Captioned web images:
★ ★ ★
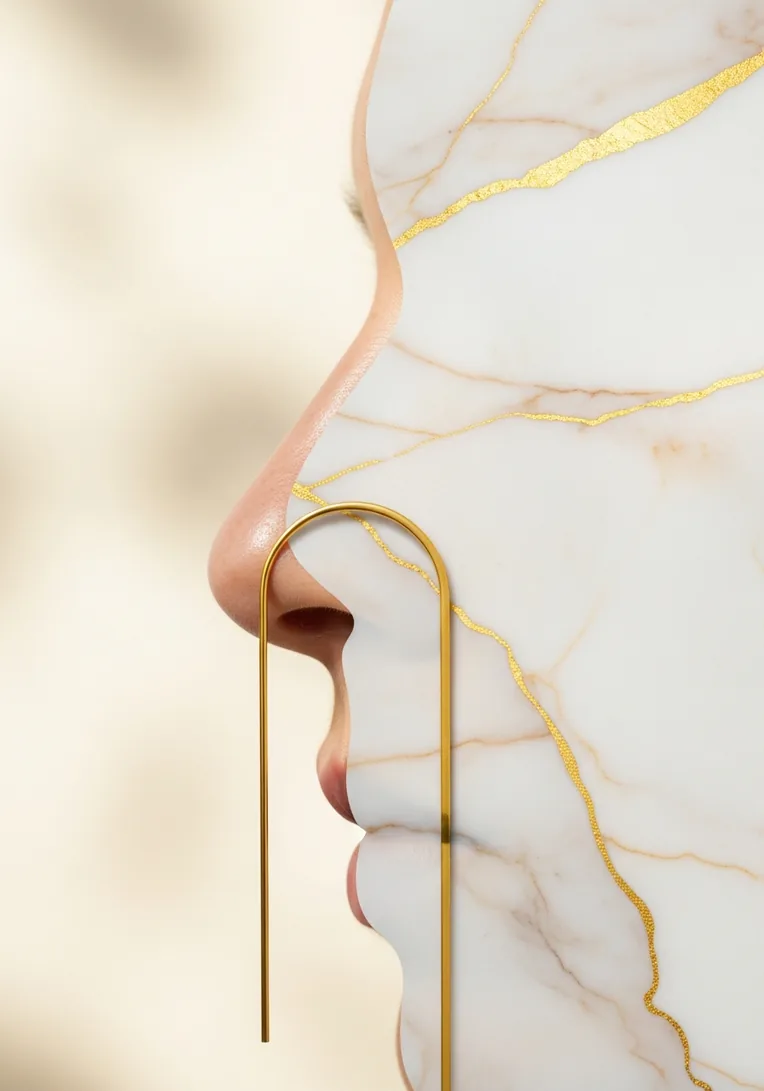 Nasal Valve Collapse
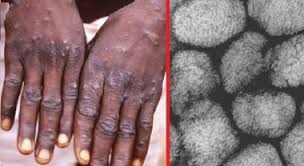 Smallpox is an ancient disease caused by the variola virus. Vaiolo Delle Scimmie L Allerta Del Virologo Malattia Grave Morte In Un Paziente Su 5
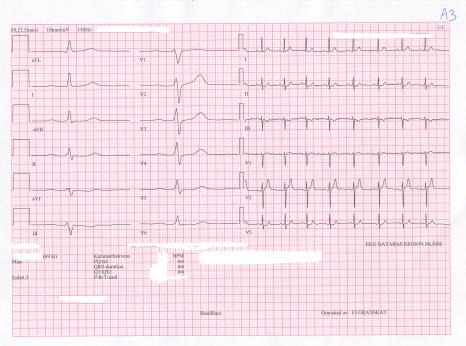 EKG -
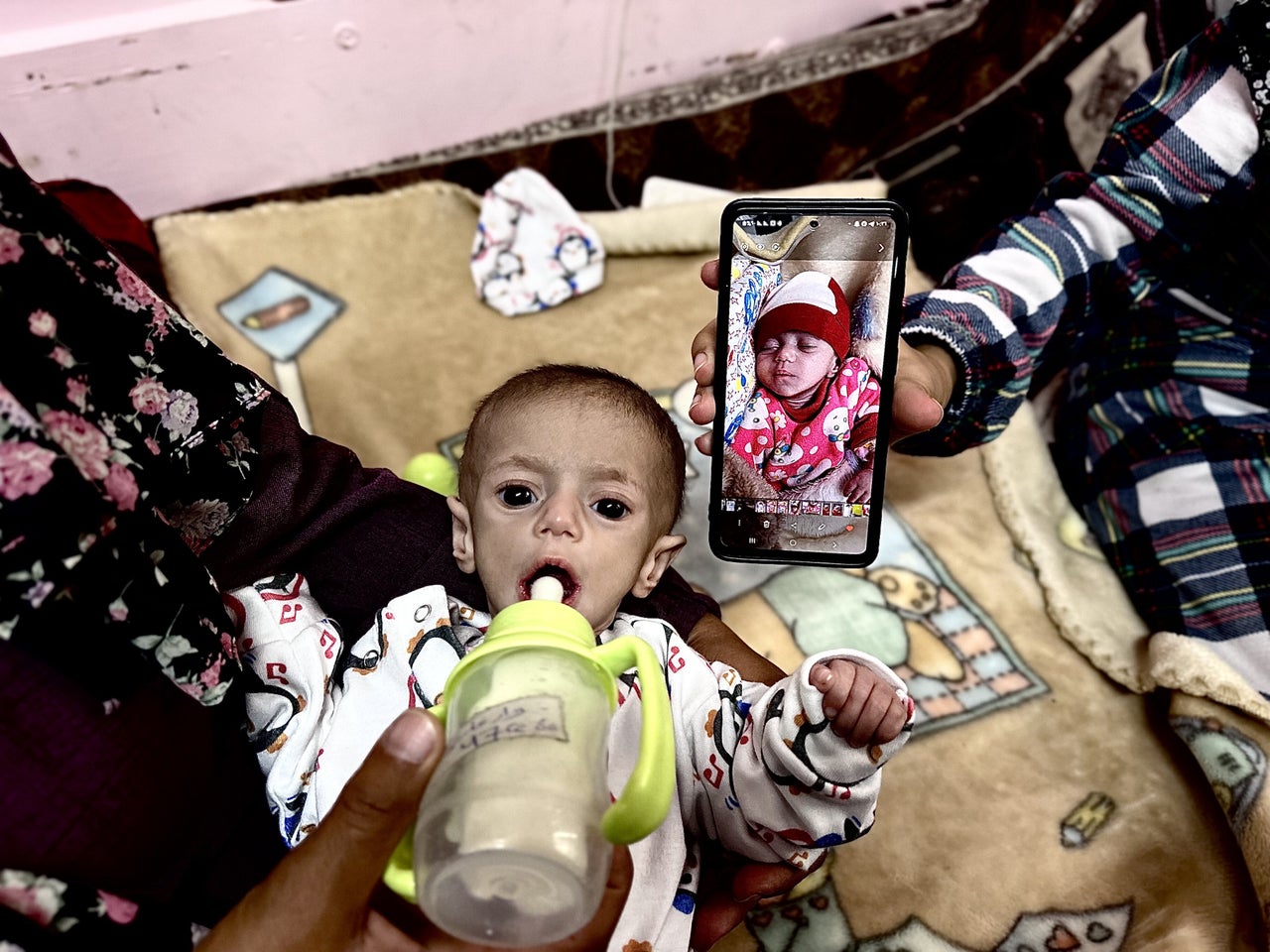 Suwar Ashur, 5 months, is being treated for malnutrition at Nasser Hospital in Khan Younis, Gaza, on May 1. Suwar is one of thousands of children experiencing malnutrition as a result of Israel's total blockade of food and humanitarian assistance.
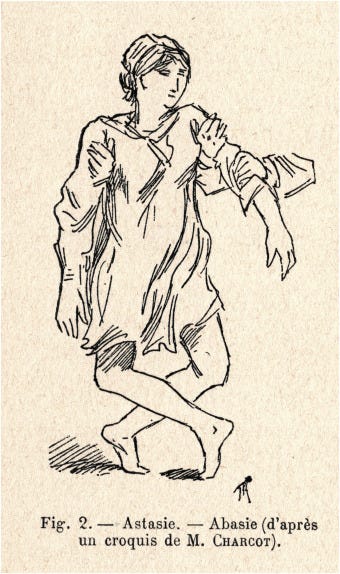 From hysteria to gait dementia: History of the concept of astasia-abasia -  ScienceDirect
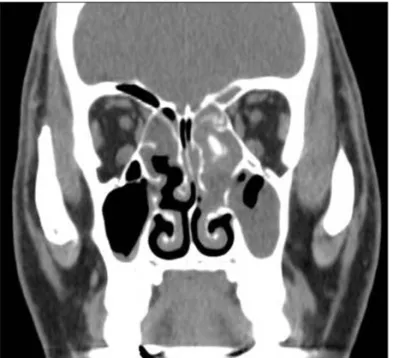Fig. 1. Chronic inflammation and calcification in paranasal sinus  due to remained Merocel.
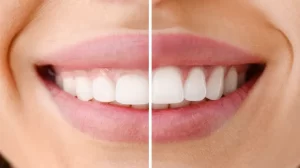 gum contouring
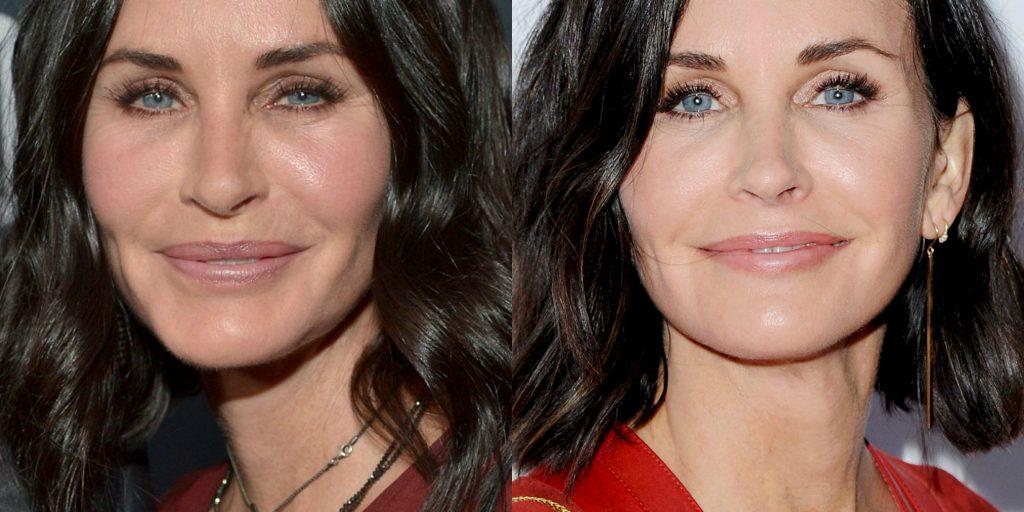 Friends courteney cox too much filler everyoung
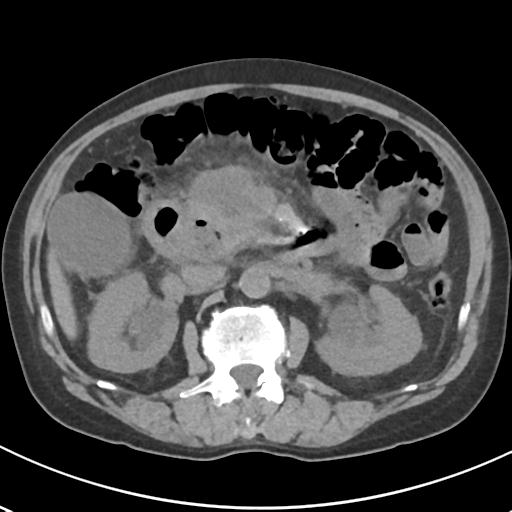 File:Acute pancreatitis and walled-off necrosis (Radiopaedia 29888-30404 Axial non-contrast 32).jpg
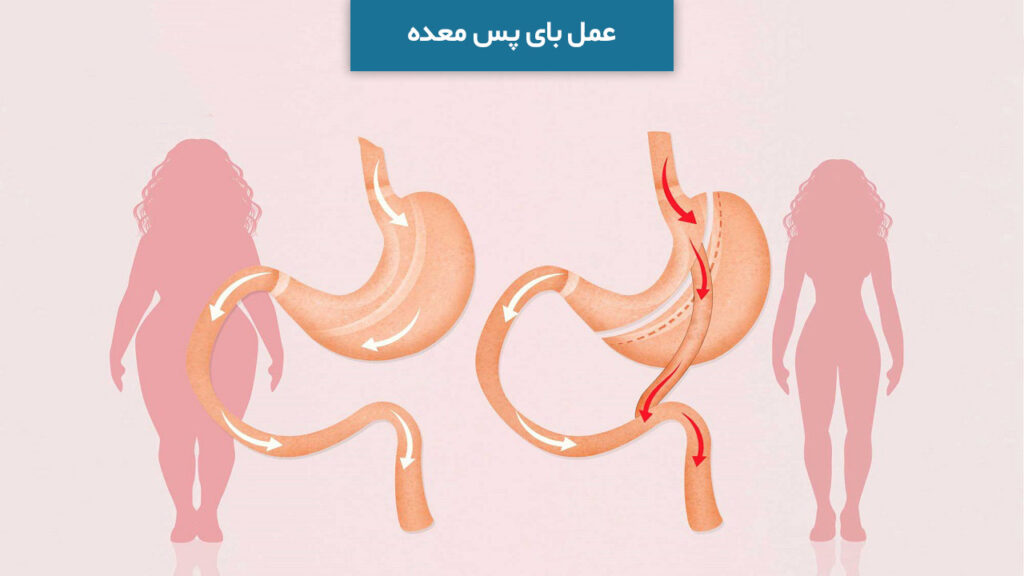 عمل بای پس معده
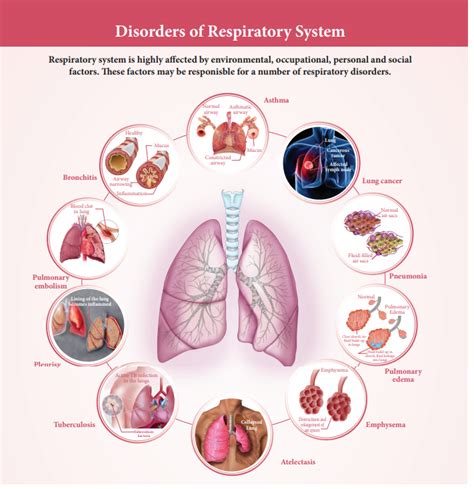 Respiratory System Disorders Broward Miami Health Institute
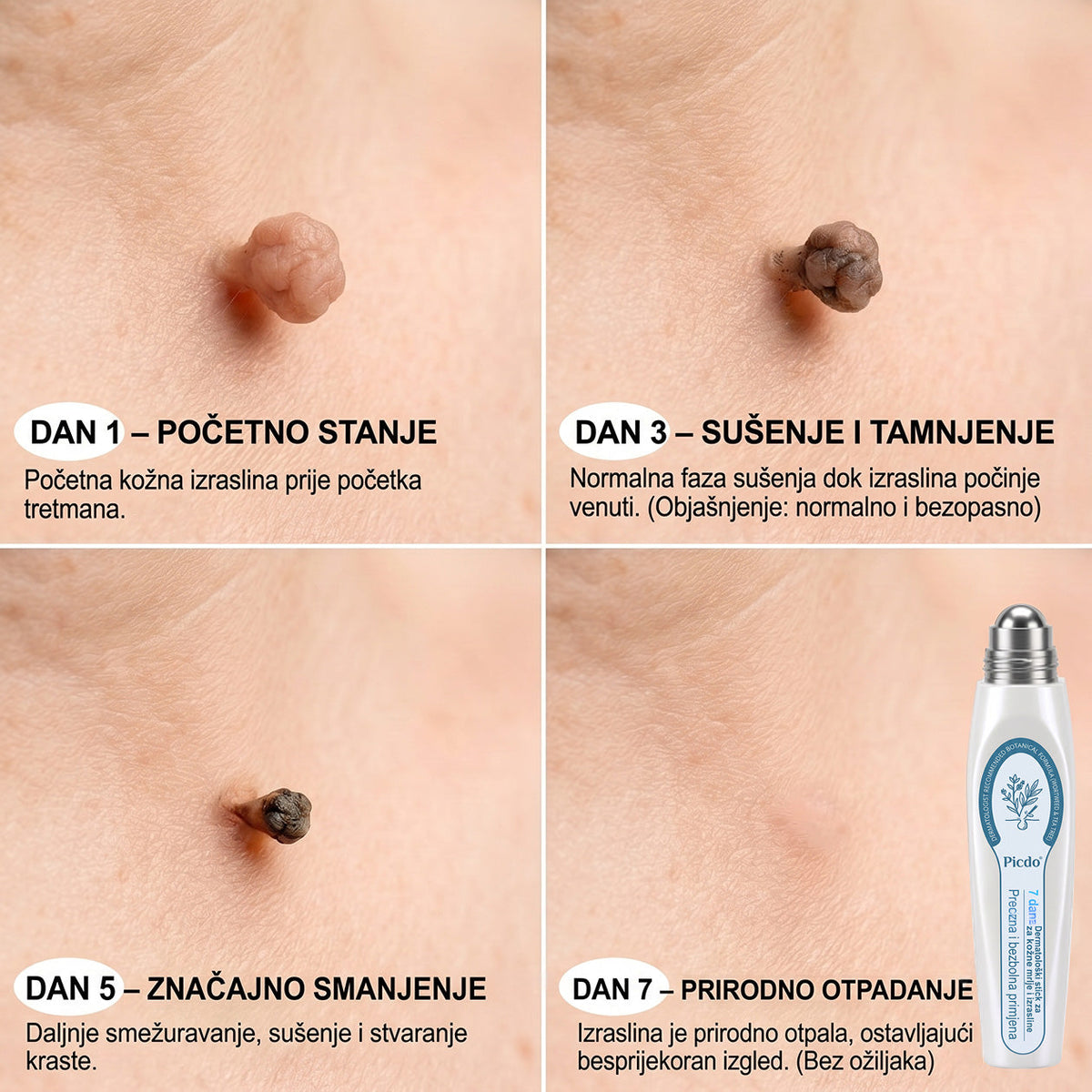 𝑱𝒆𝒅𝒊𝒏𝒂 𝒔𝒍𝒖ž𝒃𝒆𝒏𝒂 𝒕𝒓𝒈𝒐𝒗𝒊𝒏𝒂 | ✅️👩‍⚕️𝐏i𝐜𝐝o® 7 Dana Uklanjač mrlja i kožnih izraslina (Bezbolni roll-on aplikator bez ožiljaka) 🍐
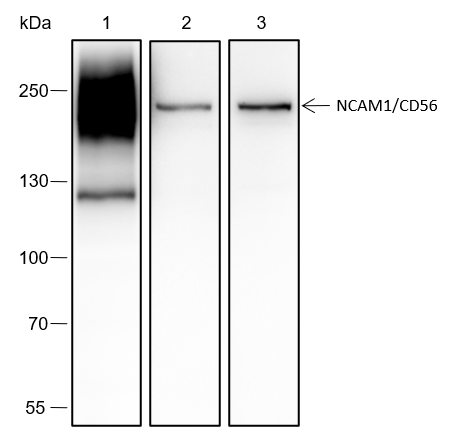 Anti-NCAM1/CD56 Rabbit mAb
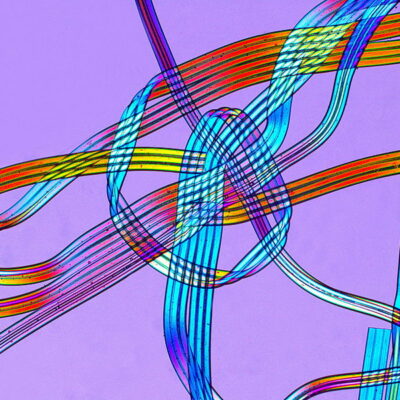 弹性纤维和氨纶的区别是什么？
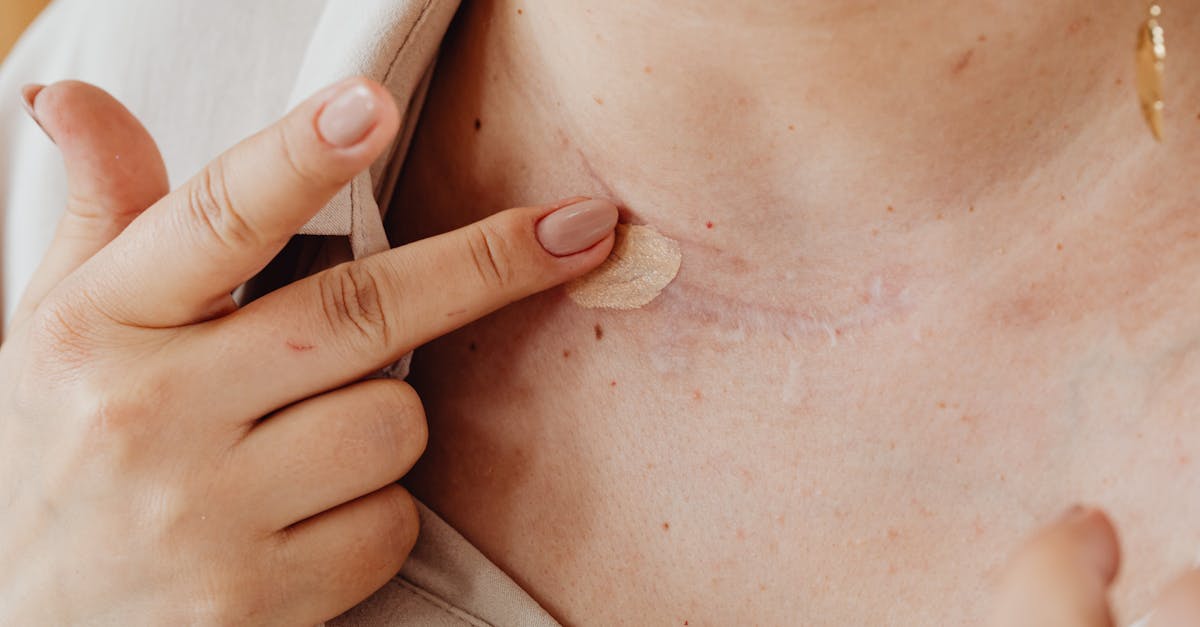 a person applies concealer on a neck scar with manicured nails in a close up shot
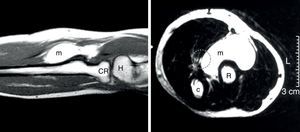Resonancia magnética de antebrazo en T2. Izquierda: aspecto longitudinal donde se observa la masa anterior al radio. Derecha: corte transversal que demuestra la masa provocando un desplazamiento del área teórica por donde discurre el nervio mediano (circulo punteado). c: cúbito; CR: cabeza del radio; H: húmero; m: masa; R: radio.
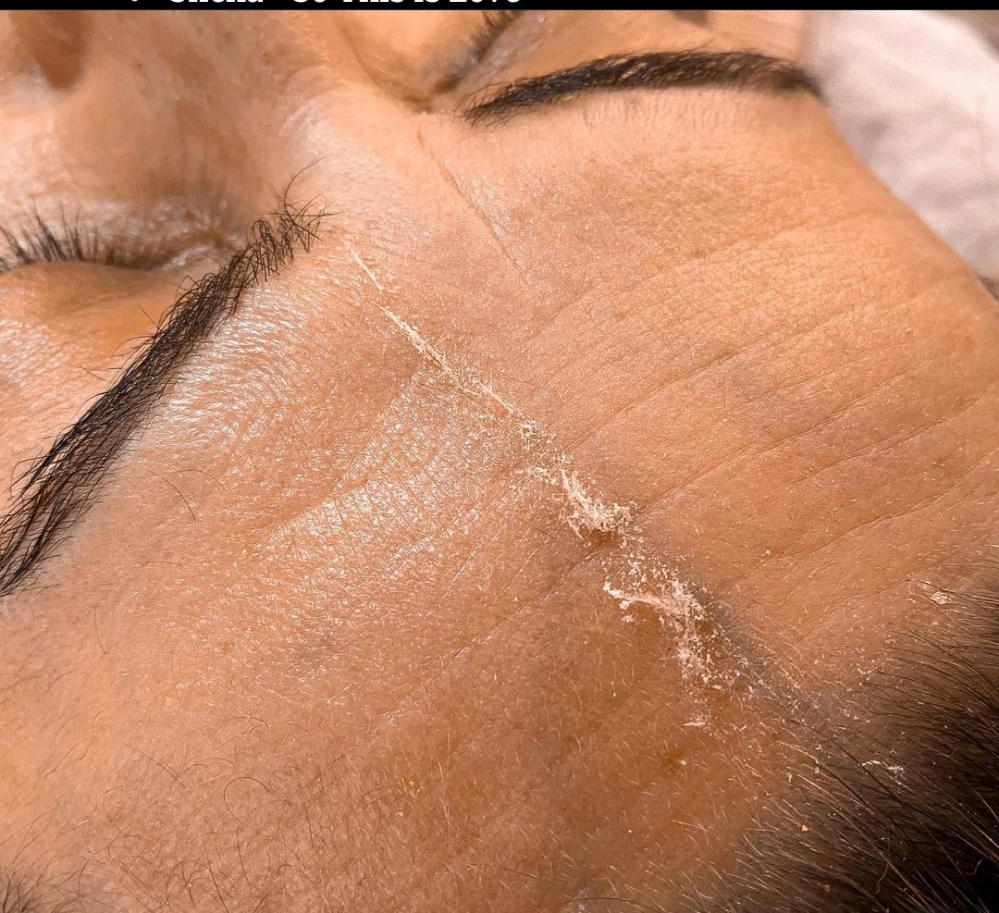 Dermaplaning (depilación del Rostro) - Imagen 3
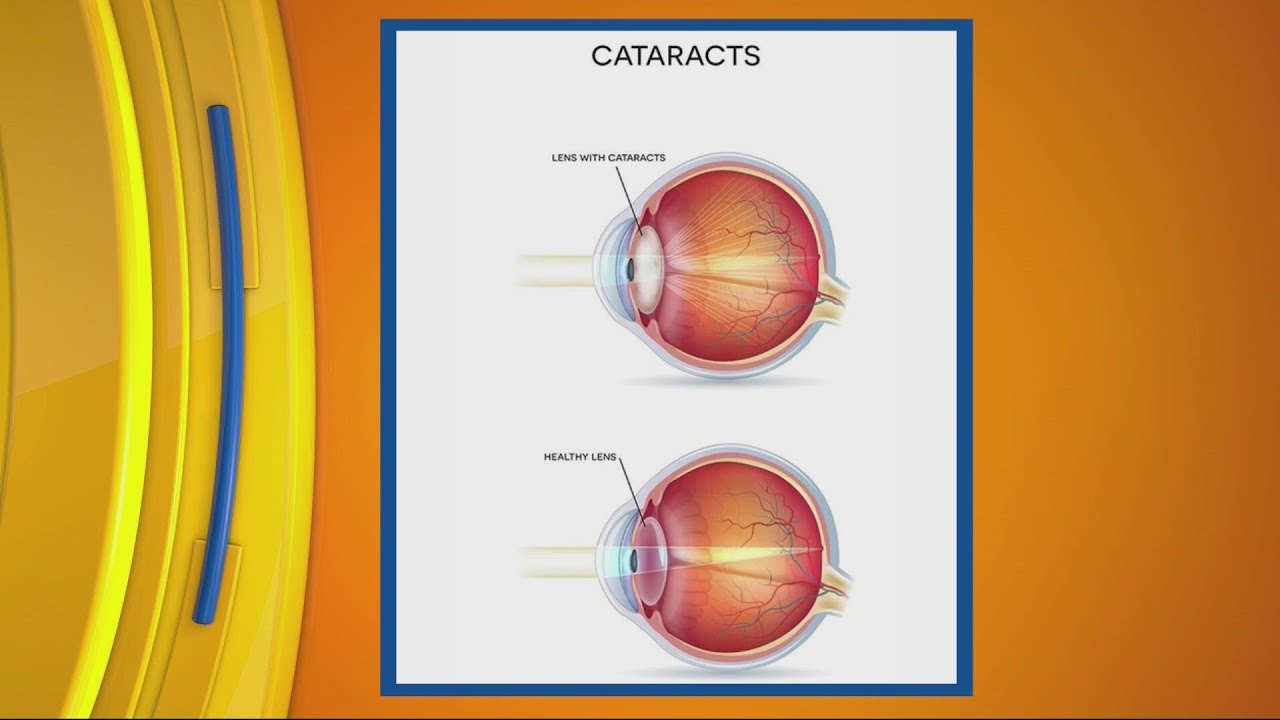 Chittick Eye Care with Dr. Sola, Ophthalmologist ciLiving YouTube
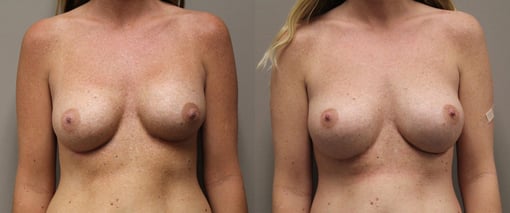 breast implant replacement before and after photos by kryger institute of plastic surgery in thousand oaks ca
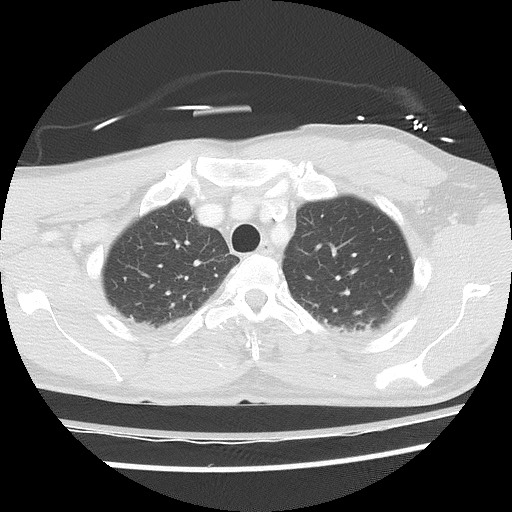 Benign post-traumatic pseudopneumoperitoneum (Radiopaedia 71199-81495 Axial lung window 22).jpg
★ ★ ★
Your answer should be the lines above, word for word, from the line with "Respiratory System Disorders" through the line with "a person applies", minus the pictures.

**Exercise solution:**
 Respiratory System Disorders Broward Miami Health Institute
 𝑱𝒆𝒅𝒊𝒏𝒂 𝒔𝒍𝒖ž𝒃𝒆𝒏𝒂 𝒕𝒓𝒈𝒐𝒗𝒊𝒏𝒂 | ✅️👩‍⚕️𝐏i𝐜𝐝o® 7 Dana Uklanjač mrlja i kožnih izraslina (Bezbolni roll-on aplikator bez ožiljaka) 🍐
 Anti-NCAM1/CD56 Rabbit mAb
 弹性纤维和氨纶的区别是什么？
 a person applies concealer on a neck scar with manicured nails in a close up shot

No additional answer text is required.